From the standpoint of a debtor, it’s easy to see the advantage of an escape clause. If their customer cancels the order or never pays for the machinery, they don’t have to pay you. You end up taking on a huge risk that you can’t control. You’ve shipped a valuable product to your customer, your customer used it (sold it to their customer), and you still can’t get paid because your customer hasn't been paid.
When you’re negotiating contract terms with a buyer, particularly if the buyer has presented you with its own form contract, watch carefully for any debtor escape clauses like the one just mentioned.
Remember to read contracts before entering into them. Some contracts contain provisions that you may not like. Before you sign you can renegotiate their terms or, if not possible, you can refuse to enter into the contract. Sure, you can just go along with the contract and hope for the best, but that approach has a way of sometimes blowing up in your face.

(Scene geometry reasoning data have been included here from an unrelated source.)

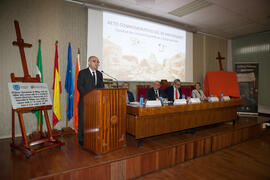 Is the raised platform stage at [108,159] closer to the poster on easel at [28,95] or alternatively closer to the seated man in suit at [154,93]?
the poster on easel at [28,95]

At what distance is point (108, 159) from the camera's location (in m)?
2.04

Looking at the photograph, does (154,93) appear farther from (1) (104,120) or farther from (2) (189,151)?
(1) (104,120)

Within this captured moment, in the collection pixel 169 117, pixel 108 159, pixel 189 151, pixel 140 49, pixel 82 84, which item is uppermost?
pixel 140 49

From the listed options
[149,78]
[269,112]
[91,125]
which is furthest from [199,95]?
[269,112]

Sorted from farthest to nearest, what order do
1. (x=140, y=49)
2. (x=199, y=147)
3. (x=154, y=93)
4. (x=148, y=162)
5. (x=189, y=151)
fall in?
(x=140, y=49), (x=154, y=93), (x=199, y=147), (x=189, y=151), (x=148, y=162)

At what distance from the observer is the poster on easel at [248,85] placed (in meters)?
5.66

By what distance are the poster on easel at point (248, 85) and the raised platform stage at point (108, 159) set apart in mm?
3527

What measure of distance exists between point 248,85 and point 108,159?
600cm

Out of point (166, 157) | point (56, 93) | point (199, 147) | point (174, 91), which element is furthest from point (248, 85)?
point (56, 93)

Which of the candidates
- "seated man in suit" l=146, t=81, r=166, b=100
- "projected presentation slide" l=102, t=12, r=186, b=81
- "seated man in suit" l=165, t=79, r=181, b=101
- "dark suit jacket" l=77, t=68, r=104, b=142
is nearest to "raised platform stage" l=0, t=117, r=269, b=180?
"dark suit jacket" l=77, t=68, r=104, b=142

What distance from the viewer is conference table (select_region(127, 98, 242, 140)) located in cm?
239

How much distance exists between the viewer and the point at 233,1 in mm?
3898

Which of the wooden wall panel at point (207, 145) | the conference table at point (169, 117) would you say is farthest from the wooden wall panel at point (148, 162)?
the wooden wall panel at point (207, 145)

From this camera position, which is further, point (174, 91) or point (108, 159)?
point (174, 91) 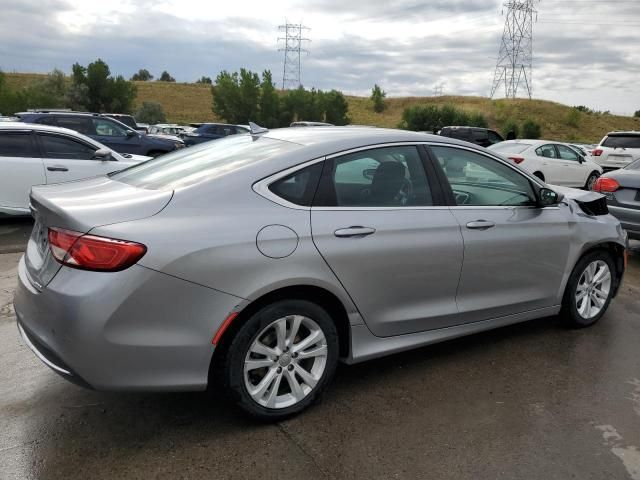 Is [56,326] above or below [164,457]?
above

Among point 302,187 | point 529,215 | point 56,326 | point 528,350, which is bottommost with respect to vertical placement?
point 528,350

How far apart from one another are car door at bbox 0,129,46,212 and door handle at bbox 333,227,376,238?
247 inches

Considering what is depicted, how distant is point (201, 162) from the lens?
3.50 metres

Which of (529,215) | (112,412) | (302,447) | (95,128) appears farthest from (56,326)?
(95,128)

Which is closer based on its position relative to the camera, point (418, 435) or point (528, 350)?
point (418, 435)

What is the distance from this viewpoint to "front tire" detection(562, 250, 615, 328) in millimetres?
4625

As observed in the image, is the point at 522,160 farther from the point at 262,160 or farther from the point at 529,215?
the point at 262,160

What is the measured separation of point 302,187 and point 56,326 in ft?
4.67

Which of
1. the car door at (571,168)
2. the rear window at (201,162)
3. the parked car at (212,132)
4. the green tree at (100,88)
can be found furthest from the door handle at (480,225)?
the green tree at (100,88)

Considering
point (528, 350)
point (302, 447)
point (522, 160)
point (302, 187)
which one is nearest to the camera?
point (302, 447)

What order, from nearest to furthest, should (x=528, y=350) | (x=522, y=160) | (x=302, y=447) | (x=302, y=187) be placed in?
(x=302, y=447) → (x=302, y=187) → (x=528, y=350) → (x=522, y=160)

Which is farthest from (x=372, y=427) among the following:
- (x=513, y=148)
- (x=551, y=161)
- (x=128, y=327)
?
(x=551, y=161)

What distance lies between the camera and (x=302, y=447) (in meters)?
2.96

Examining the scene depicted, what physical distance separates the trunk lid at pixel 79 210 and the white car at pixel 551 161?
40.2 feet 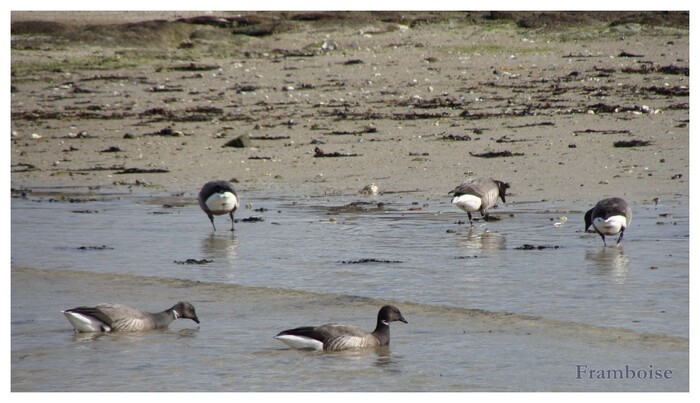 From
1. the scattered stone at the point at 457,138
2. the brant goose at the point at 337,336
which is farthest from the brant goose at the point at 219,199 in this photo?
the brant goose at the point at 337,336

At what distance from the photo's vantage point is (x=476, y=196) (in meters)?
13.5

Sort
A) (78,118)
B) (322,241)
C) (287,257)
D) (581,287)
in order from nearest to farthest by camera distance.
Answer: (581,287)
(287,257)
(322,241)
(78,118)

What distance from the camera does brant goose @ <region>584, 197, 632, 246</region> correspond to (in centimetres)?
1154

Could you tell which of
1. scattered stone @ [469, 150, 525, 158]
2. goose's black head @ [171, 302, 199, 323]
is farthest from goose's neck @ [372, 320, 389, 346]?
scattered stone @ [469, 150, 525, 158]

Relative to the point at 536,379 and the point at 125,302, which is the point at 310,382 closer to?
the point at 536,379

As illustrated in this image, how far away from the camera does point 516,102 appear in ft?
69.8

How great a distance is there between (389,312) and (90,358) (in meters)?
2.26

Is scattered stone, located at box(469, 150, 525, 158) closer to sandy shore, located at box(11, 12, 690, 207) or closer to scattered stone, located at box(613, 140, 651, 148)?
sandy shore, located at box(11, 12, 690, 207)

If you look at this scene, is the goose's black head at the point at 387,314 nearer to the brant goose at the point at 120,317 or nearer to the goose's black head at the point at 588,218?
the brant goose at the point at 120,317

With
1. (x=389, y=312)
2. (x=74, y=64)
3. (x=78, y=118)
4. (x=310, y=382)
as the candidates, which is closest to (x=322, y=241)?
(x=389, y=312)

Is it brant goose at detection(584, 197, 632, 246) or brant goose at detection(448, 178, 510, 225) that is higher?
brant goose at detection(448, 178, 510, 225)

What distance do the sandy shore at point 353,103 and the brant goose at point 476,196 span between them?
56.4 inches

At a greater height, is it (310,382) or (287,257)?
(287,257)

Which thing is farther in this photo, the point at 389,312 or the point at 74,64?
the point at 74,64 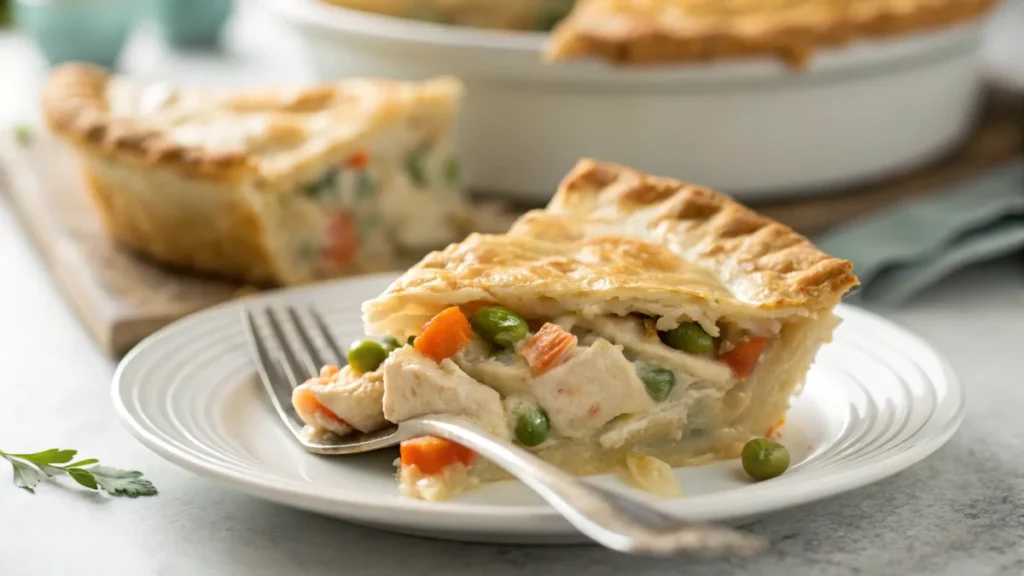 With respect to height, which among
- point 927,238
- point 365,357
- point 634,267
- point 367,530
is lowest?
point 367,530

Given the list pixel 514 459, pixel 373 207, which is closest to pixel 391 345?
pixel 514 459

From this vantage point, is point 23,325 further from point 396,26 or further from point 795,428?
point 795,428

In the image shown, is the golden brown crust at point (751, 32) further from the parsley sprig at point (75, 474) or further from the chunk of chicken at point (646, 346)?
the parsley sprig at point (75, 474)

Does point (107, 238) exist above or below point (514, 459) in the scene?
below

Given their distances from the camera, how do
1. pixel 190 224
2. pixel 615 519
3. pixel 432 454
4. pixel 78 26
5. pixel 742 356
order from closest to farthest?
pixel 615 519 < pixel 432 454 < pixel 742 356 < pixel 190 224 < pixel 78 26

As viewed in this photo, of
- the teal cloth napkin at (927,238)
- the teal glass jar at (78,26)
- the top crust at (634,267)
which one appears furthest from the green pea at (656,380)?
the teal glass jar at (78,26)

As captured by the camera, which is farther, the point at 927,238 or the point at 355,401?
the point at 927,238

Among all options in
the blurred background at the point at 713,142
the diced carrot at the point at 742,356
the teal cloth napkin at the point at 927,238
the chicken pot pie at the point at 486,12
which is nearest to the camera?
the diced carrot at the point at 742,356

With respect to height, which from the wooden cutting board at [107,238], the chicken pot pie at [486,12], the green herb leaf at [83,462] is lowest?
the green herb leaf at [83,462]

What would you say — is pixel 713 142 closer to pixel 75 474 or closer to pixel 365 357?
pixel 365 357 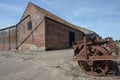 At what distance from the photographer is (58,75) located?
7.05 m

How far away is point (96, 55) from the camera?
657 centimetres

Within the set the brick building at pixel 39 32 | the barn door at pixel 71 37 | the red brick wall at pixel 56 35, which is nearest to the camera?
the brick building at pixel 39 32

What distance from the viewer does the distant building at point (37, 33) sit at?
19547mm

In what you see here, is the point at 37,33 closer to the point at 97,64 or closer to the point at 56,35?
the point at 56,35

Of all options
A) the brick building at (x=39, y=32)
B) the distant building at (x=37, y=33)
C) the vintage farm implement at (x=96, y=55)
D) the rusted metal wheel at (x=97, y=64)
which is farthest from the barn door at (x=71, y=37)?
the rusted metal wheel at (x=97, y=64)

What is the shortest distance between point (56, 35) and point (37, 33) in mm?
2799

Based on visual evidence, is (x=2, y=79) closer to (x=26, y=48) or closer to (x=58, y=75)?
(x=58, y=75)

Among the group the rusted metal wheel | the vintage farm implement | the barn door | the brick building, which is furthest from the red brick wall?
the rusted metal wheel

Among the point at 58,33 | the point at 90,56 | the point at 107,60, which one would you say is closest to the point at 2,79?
the point at 90,56

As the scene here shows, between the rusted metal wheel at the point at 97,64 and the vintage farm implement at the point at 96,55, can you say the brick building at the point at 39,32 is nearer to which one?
the vintage farm implement at the point at 96,55

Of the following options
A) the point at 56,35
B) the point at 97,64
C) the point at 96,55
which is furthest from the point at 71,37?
the point at 96,55

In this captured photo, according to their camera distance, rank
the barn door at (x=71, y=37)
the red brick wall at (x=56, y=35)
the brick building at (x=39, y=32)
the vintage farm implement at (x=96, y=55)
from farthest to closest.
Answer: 1. the barn door at (x=71, y=37)
2. the red brick wall at (x=56, y=35)
3. the brick building at (x=39, y=32)
4. the vintage farm implement at (x=96, y=55)

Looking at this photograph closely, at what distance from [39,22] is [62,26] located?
4438mm

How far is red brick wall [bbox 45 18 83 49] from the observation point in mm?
19716
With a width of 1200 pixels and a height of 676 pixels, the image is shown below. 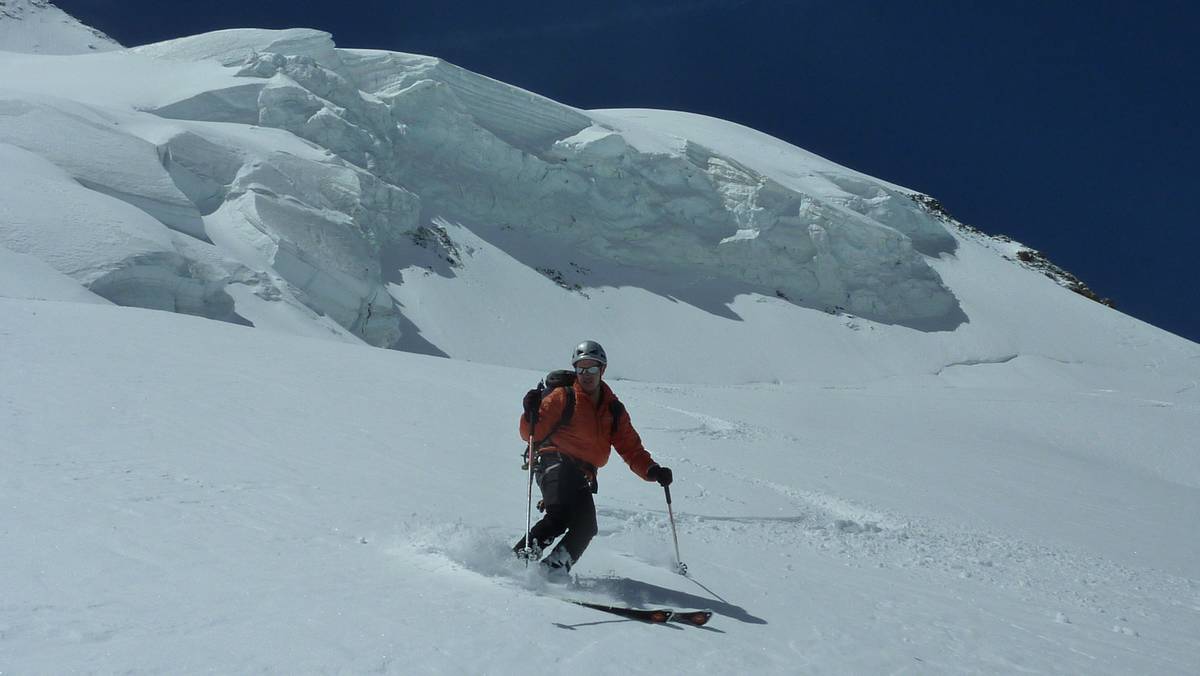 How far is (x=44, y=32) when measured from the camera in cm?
6781

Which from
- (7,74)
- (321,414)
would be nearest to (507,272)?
(7,74)

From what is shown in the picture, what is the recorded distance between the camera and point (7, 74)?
3266 centimetres

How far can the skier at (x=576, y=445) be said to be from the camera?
16.0ft

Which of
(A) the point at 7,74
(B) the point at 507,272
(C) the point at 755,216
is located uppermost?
(C) the point at 755,216

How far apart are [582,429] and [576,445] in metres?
0.11

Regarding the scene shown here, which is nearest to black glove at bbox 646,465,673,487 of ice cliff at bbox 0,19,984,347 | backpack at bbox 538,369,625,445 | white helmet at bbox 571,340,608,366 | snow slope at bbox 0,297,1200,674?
backpack at bbox 538,369,625,445

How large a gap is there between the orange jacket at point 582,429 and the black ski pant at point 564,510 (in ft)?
0.27

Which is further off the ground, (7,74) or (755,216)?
(755,216)

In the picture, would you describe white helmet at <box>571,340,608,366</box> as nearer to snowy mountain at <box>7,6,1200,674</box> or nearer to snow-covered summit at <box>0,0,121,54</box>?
snowy mountain at <box>7,6,1200,674</box>

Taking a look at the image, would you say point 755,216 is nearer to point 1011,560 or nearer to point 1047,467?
point 1047,467

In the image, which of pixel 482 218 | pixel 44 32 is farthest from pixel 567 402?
pixel 44 32

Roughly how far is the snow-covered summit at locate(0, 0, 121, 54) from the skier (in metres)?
76.2

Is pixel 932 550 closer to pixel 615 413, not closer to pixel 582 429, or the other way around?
pixel 615 413

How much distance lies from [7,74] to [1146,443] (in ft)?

Another example is an arbitration clause in a contract. While it may be a good idea in many circumstances, arbitration clauses are not particularly helpful in many ordinary collection cases as they result in more costs than a routine collection case and the creditor still has to file the matter in court to have the arbitration award accepted as a final order of judgment, required to enforce collection via garnishment or other forms of court-ordered collection. For example, a $30,000 collection case could easily cost $3000 to arbitrate, whereas an ordinary collection law suit may only cost a few hundred dollars to file and serve. Of course, this decision should be made on a case by case basis after consulting with an attorney as there are distinct advantages and disadvantages to each.